UHG
Search
Close this search box.

Essential Of Web scraping: urllib & Requests With Python

Share

Table of Content

Web scraping provides a way for people & businesses to understand what one can achieve from a fair amount of data, you can challenge your competitors and surpass them just by doing a good data analysis and research on scraped data from the web. Maybe, from an individual perspective too, if you are looking for a job; Automated web scraping can help you process all the jobs posted on the internet in your spreadsheet where you can filter them out by your skills and experience. In contrast, when you spend hours to get the information you want, now it’s easy for you to create your web scraping script that can work like a charm for all your manual hours of labor. 

There is so much information on the internet, and new data is generated every second, so manually scraping and researching is not possible, That’s why we need automated web scraping to accomplish our goals.

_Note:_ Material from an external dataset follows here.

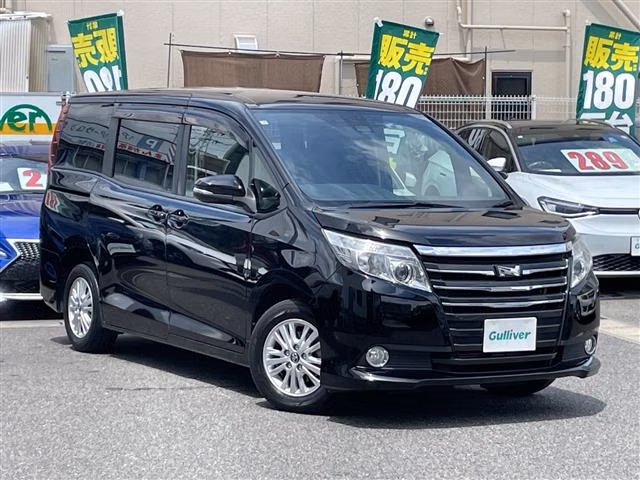 TOYOTA NOAH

Web scraping became an essential part of every business, individual, and even government.

Challenges

There are some challenges too in the web scraping domain like the continuous change in websites so our web scraper may not work for next time, that’s why people came up with a more diverse approach like Diffbot: A visual-based web scraping tool which uses computer vision, machine learning, and NLP combined to achieve a universal web scraping techniques that are more powerful, accurate, and easy to use.

Another problem faced in web scraping is the variety all web sites are different in design and coding structure so we can’t use a single web scraping script everywhere to achieve results. There must be a continuous change in code as the website changes.

Today we are going to discuss some of the libraries that can reduce your web scraper building time and are essentials for web scraping purposes, as they are the building blocks on which everything is built.

Urllib

Urllib is a package that combines several modules to preprocess the URLs. In simple words, it is an HTTP client for python programming languages, the latest version of 

Urllib is urllib3 1.26.2 which supports thread-safe connection, connection pooling, client-side verification using SSL/TLS verification, multipart encoding, support for gzip, and brotli encoding. It brings many critical features that are missing from traditional python libraries.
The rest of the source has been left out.